(Data excerpt Opens)

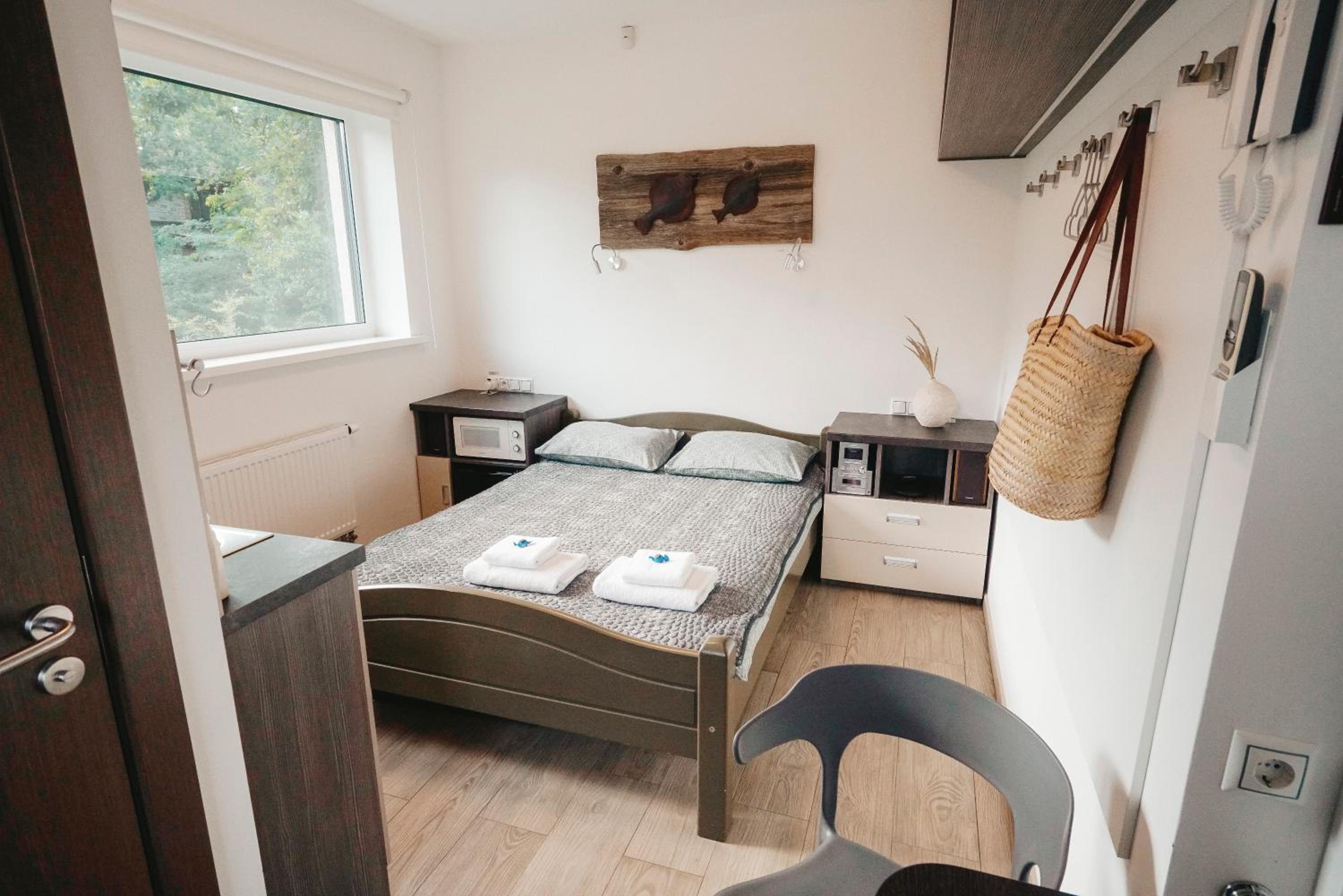Seaside Studio Apartment THE RED FISH view 5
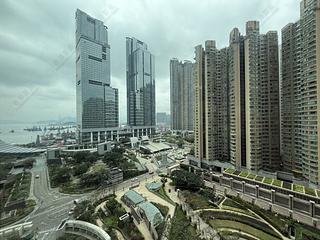 West Kowloon - The Arch Sky Tower (Block 1) 10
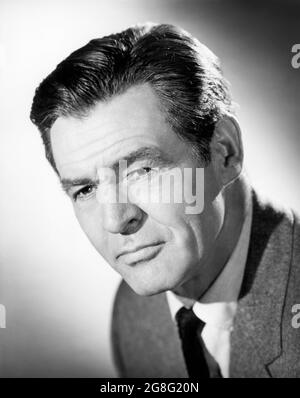 Robert Ryan, Chef et épaules Portrait de la publicité pour le film, 'Ice Palace', Warner Bros., 1960 Banque D'Images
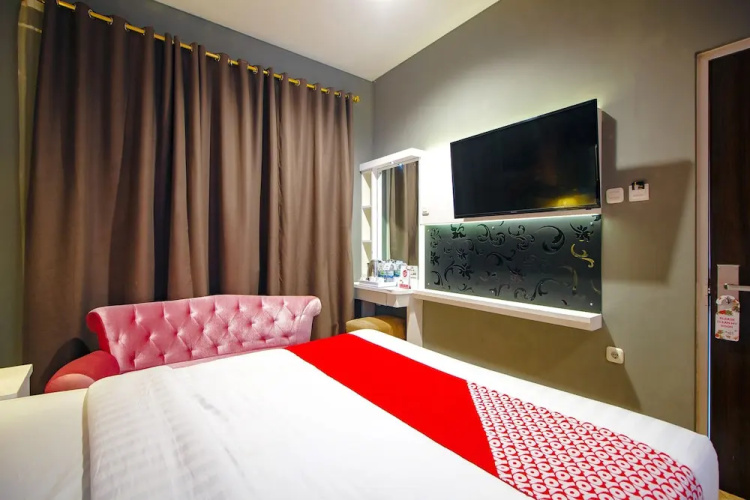 OYO 1057 Premier Guest House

(Data excerpt Closes)

- What is being asked: The lines above must be transcribed exactly, with every picture left out.

- Answer to the problem:
Seaside Studio Apartment THE RED FISH view 5
 West Kowloon - The Arch Sky Tower (Block 1) 10
 Robert Ryan, Chef et épaules Portrait de la publicité pour le film, 'Ice Palace', Warner Bros., 1960 Banque D'Images
 OYO 1057 Premier Guest House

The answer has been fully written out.